To show how ESG integration may lead to better long-term results, we’ve compared the performance of the MSCI ACWI ESG Leaders Index with its standard counterpart, the MSCI ACWI Index, which represents the full opportunity set of large- and mid-cap stocks across developed and emerging markets.
The MSCI ACWI ESG Leaders Index targets companies that have the highest ESG rated performance in each sector of its standard counterpart. The result is an index with a smaller number of underlying companies (1,170 versus 2,982), and a relative outperformance of 7.9% over 156 months.
#2: Incorporating Personal Values
ESG investing is also a powerful tool for investors who wish to align their financial decisions with their personal values. This can be achieved through the use of negative screens, which identify and exclude companies that have exposure to specific ESG issues.
To see how this works, we’ve illustrated the differences between the MSCI World ESG Screened Index and its standard counterpart, the MSCI World Index.
The MSCI World ESG Screened Index excludes companies that are associated with controversial weapons, tobacco, fossil fuels, and those that are not in compliance with the UN Global Compact. The UN Global Compact is a corporate sustainability initiative that focuses on issues such as human rights and corruption.
#3: Making a Positive Impact
The third motivation for using ESG is the desire to make a positive impact through one’s investments. Also known as impact investing, this practice enables investors to merge financial gains with environmental or social progress.

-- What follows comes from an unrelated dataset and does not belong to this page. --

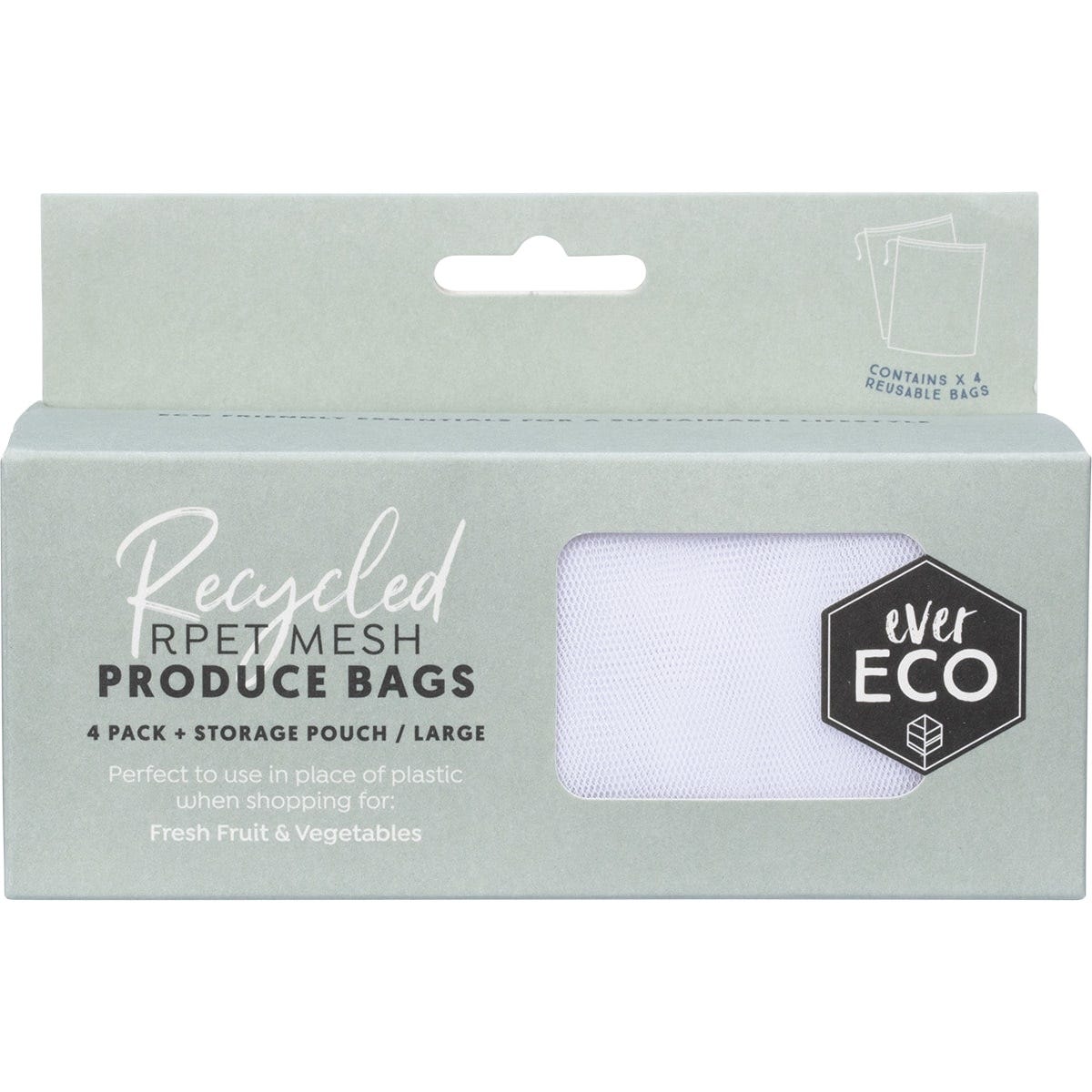 Four recycled mesh produce bags with a drawstring and a pocket-sized storage pouch featuring a carabiner clip.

Investors have a variety of tools to help them in this regard, such as the MSCI Women’s Leadership Index, which tracks companies that exhibit a commitment towards gender diversity. Green bonds, bonds that are issued to raise money for environmental projects, are another option for investors looking to drive positive change.
ESG Investing For All
With various angles to approach it from, ESG investing is likely to appeal to a majority of investors. In fact, a 2019 survey found that 84% of U.S. investors want the ability to tailor their investments to their values. Likewise, 86% of them believe that companies with strong ESG practices may be more profitable.
Results like these underscore the high demand that U.S. investors have for ESG investing—between 2018 and 2020, ESG-related assets grew 42% to reach $17 trillion, and now represent 33% of total U.S. assets under management.